For he himself has said it
And it’s greatly to his credit
That he is an Englishman!
Gilbert even asserts ironically that there is an element of choice in the matter:
In spite of all temptations
To belong to other nations
He remains an Englishman!
Nor have the English been conspicuously pleased with their nation and themselves, except perhaps under the first Elizabeth and in the high Victorian age. More often the dominant tone of English discourse is one of regret, of nostalgia rather than self-congratulation. In Albion, his vast sprawling enquiry into the origins of the English imagination, Peter Ackroyd identifies Bede as the first English writer, typically brooding on ruins and relics of the past and already, in the early eighth century, exuding that melancholy characteristic of these rainswept islanders. If there is a theme common to English writers from Bede to Betjeman, it is this regret for the past. The best has already come and gone and will not come again. Shortly after the Norman Conquest, a scribe charmingly known as the Tremulous Hand of Worcester sighs over the demise of Old English: nobody teaches the language properly any more, the people are lost and wrecked.

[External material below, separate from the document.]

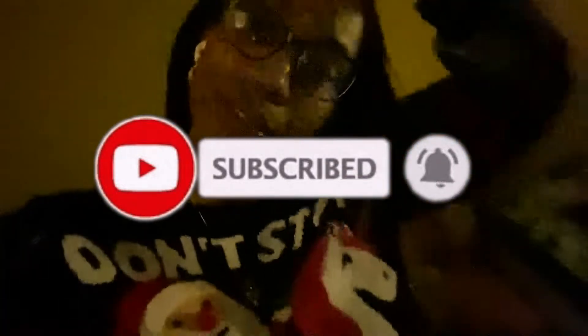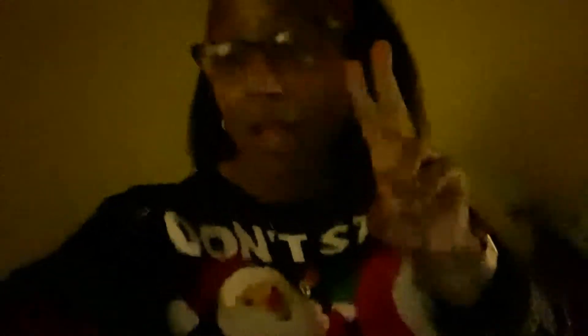And my earrings from my kids — they're so cute. I hope you guys enjoyed your Christmas — it was all things great. My son is playing with the dinosaur he got. Deuces!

Only a gross imperialist like Cecil Rhodes would think of claiming that ‘to be an Englishman was to draw first prize in the lottery of life’. In any case, it was always possible to buy a lottery ticket. In fact, from Disraeli onwards, paeans to Englishness have so often come from historians and political writers who are not English by descent. The philosopher Sir Isaiah Berlin, who was born in Riga and as a child witnessed the Bolshevik Revolution from his parents’ apartment in St Petersburg, writes of the historian Sir Lewis Namier, born Ludwik Bernsztajn in Poland to a Jewish land agent who had converted to Catholicism:
He was not disappointed in England. It took, as he had supposed, a humane, civilised and, above all, sober, undramatised, empirical view of life. Englishmen seemed to him to take account, more than most men, of the real ends of human life – pleasure, justice, power, freedom, glory, the sense of human solidarity which underlay both patriotism and adherence to tradition; above all they loathed abstract principles and general theories.
From almost everything that Berlin wrote and said, it is clear that these are Berlin’s own sentiments too. It was, I think, his experience of England that helped to shape his crucial insight, that political theories and principles do not by nature fit neatly with one another and that wisdom consists in learning to live with the conflicts between them.

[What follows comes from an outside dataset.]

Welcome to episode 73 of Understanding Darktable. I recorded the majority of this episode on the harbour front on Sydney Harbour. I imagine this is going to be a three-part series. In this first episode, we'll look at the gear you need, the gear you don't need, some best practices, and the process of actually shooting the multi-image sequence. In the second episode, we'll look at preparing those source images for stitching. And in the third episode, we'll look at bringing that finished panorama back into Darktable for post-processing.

In the writing of English history, it has so often been incomers who have constructed the most vivid pictures of the way we were. Who has inked in our image of the Tudors more forcefully than G. R. Elton, Sir Geoffrey Elton, born Gottfried Rudolf Ehrenberg in Prague? In the introduction to his little book The English (1992), Elton touchingly records: ‘I was well over seventeen years old when I landed in England on St Valentine’s Day in 1939, and I knew virtually nothing of that country, not even its language. Within a few months it dawned upon me that I had arrived in the country in which I ought to have been born.’
What then are the characteristics of that country that were so immediately attractive to the young Ehrenberg? What makes or made it so enviable to be English, either by birth or by adoption? It is an inconvenient truth that just as our characteristics are not exclusive to us, neither are they unchanging. That sober, tolerant country which entranced Berlin, Namier and Elton had, three centuries earlier, been notorious for its sectarian ferocity and its terrible civil wars; one king had his head cut off, another was driven into exile. Fifty years later, the country was still being convulsed by violent uprisings in support of the exiled dynasty.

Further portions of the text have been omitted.